Knowledge, science, is the application of human intelligence to the empirical world. Math is just another word for intelligence. To believe in Creation is to believe that our intelligence is God-given, that there can be no conflict between Science and Creation. Science describes Creation in all its complexity. Difference is essential to the world. Otherwise, we would all be a pre-Big Bang lump. Our knowledge of our own little piece of the world does not mean that someone else’s knowledge is wrong.

Faith is an attitude. An attitude that one’s own knowledge is complete and better than someone else’s knowledge is not faith in God but in oneself. “I Am Who I Am. Do not put false gods before me.” St Athanasius describes many of the idols of his time as objective representations of human thoughts and feelings. (Contra Gentes) In our day, many of our idols remain abstractions, like “Money” From the 5th Reading of the Easter Vigil we hear God say “My thoughts are not your thoughts.” (Isaiah 55) The attitude of faith colours knowledge, and faith in God means frankly accepting the limitations of one’s own knowledge.

The Gospel from the afternoon Mass of Easter (from John 20) tells the Resurrection story on the Road to Emmaus. It is a deeply layered and thoughtful summary of the Passion and Resurrection and a description of how an attitude of faith colours and therefore changes previous understanding.

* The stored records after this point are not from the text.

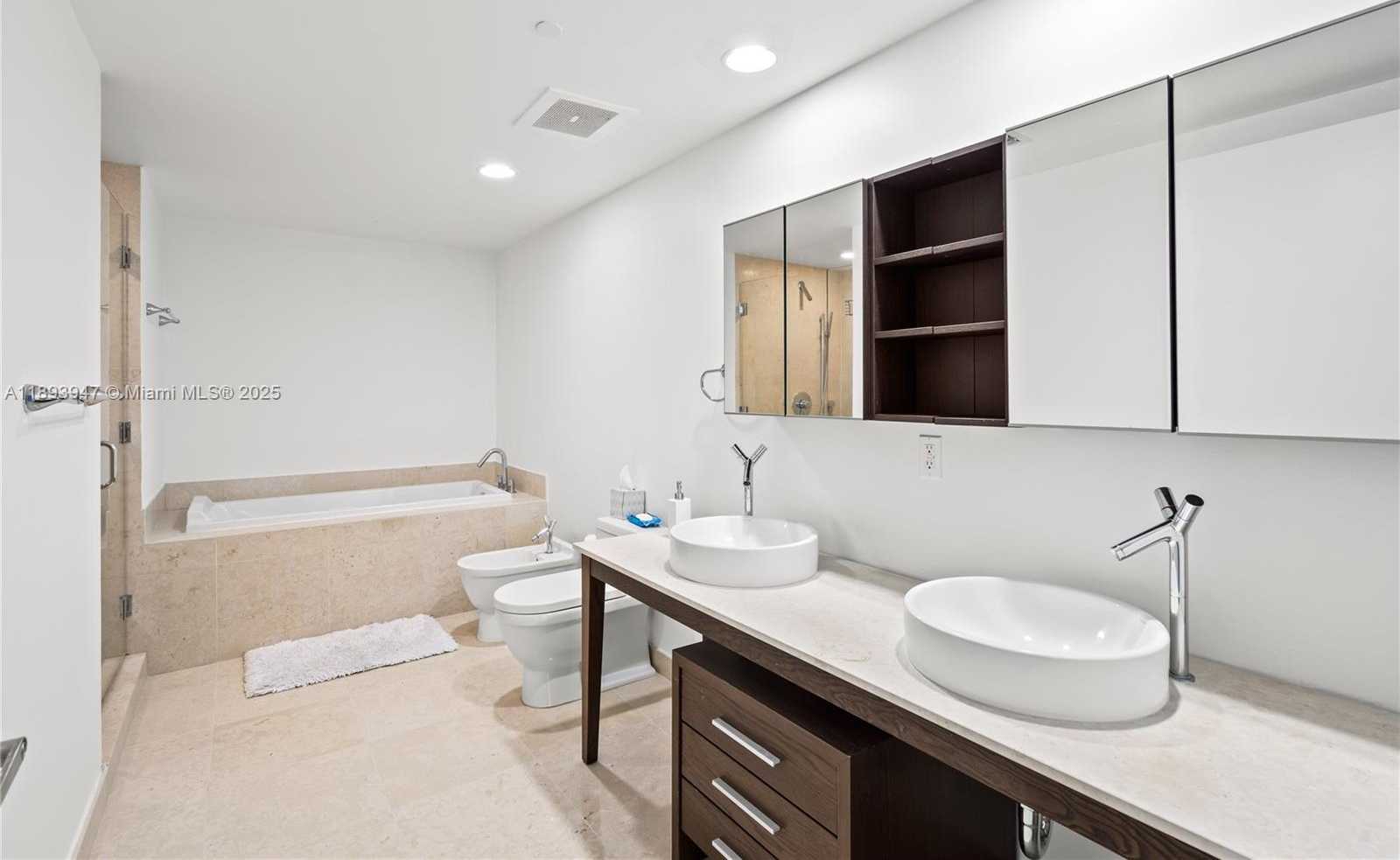 Small Image of 495 BRICKELL AVE #3502, Miami Number 22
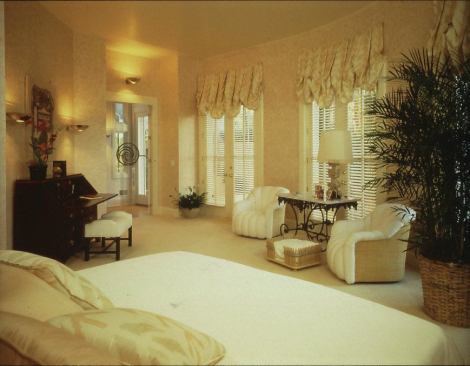 1989: New Ideas Legendary architect Charles Moore used the opportunity to design one of his last residences by having a little fun with the planâ€”namely, a colorful living space that curled around to a shielded â€œopiumâ€? den that, while not exactly replicable for the mainstream, inspired the idea of offering pockets of private space within a public realm. Meanwhile, the master suite, alone in the lower level, featured a dedicated home gym.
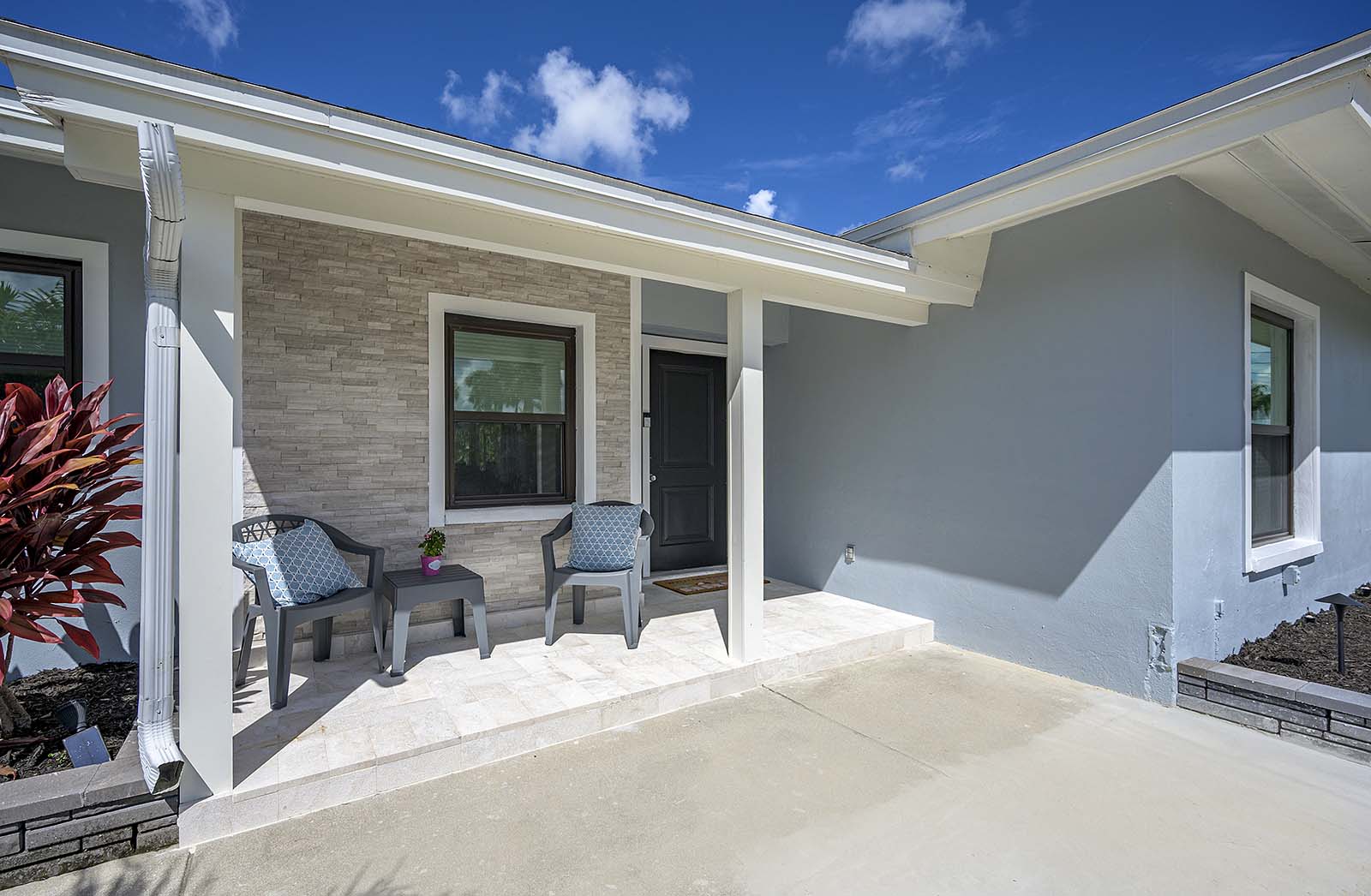 Außenbereich am Kanal mit privatem Pool und Bootsdock.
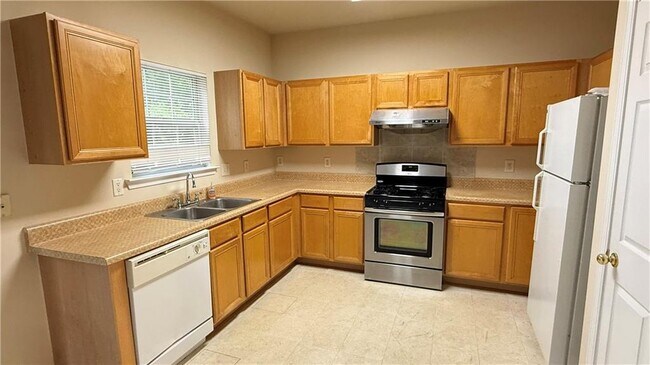 Photo - 2090 Atkinson Park Dr NW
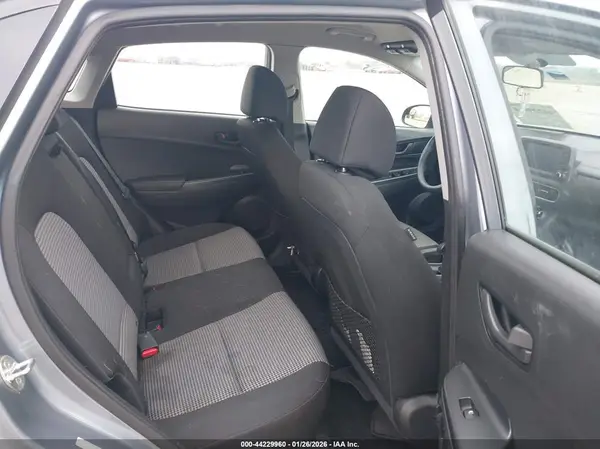 KM8K1CAA2JU085573 2018 HYUNDAI KONA - Image 8
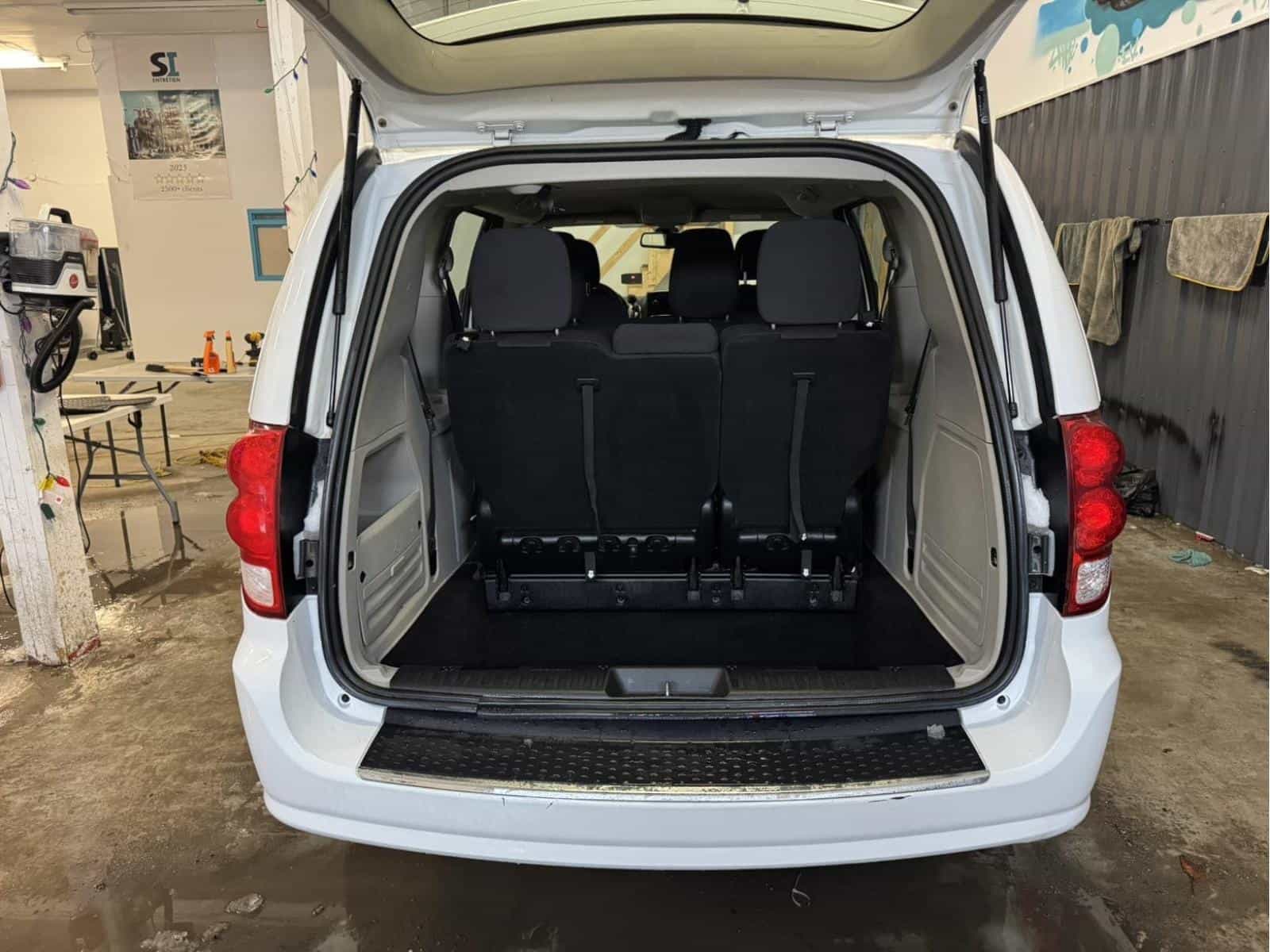 2020 Dodge GRAND CARAVAN SE SE - Image 6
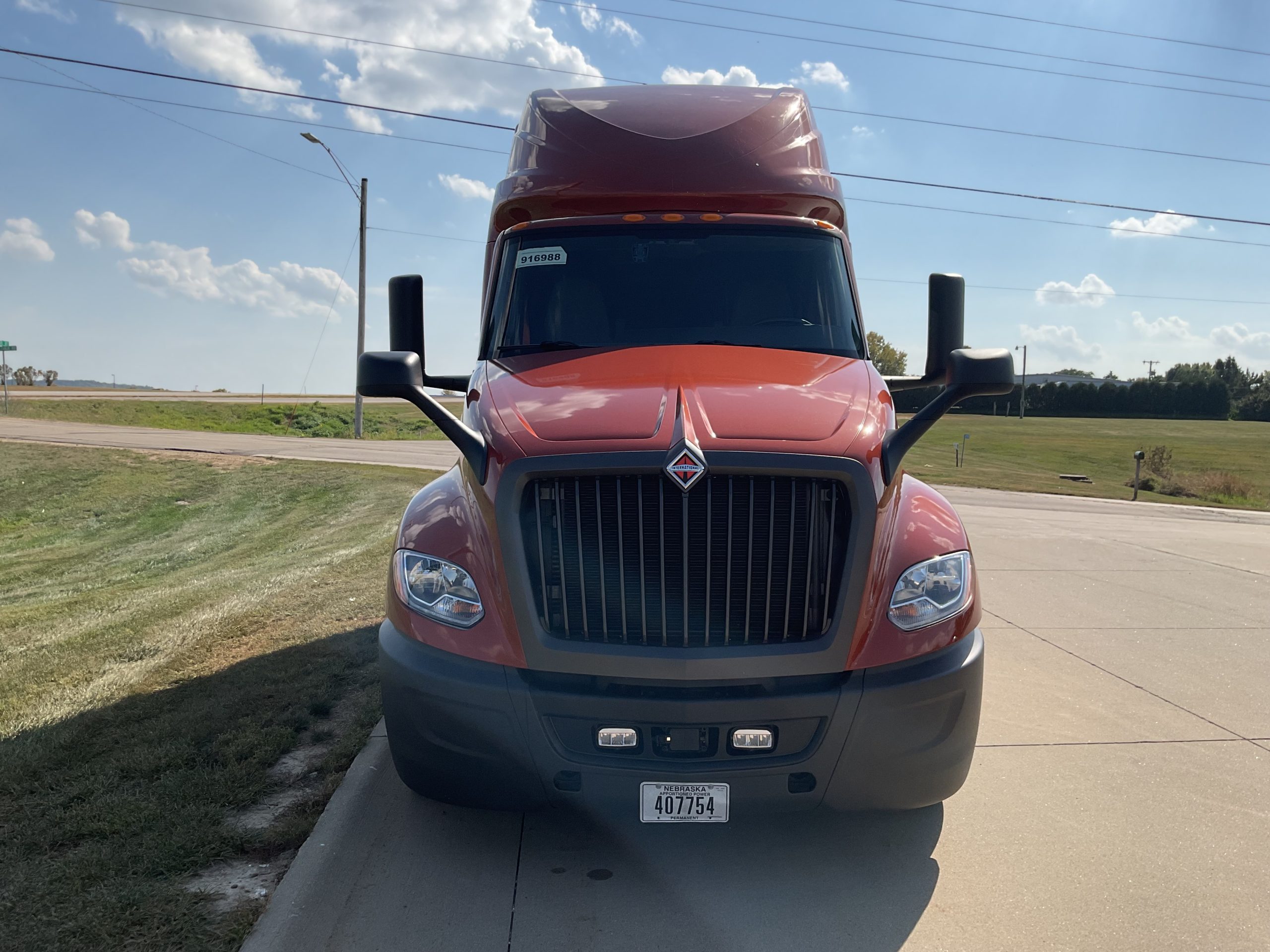 2022 International LT625 - image 4 of 6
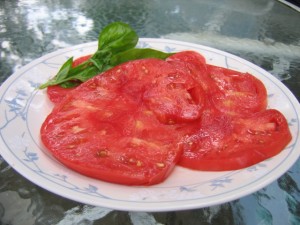 Look how large and red these tomato slices are.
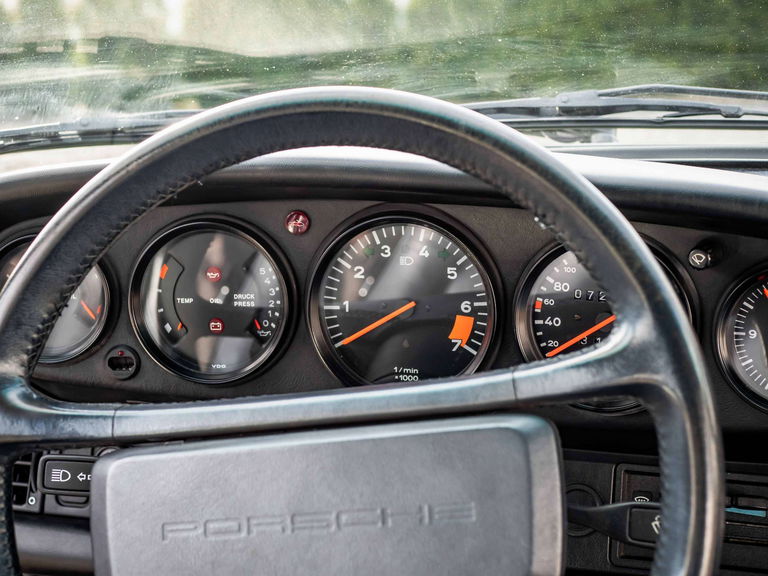 Porsche 911 Carrera 3.2 (US)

Both disciples (both Cleopas and I the Reader) had studied and knew the Scriptures well. But how did we interpret them before being shown it was necessary “that the Christ should suffer these things and then enter into his glory.” All those readings during the Easter Vigil were efforts to replay what the Stranger explained on the road to Emmaus. The key words are “he interpreted to them…”

How often we need an interpreter. Words unfamiliar from another language, but also words familiar all our lives from a new perspective “open our eyes” and colour our understanding so “our hearts burn within us”: not new knowledge but familiar knowledge, coloured by faith.

The disciples on the road had hoped that Jesus the Prophet would free Israel from the Romans; but the living Christ, in the breaking of the bread revealed that it is love that defeats death and colours all our understanding.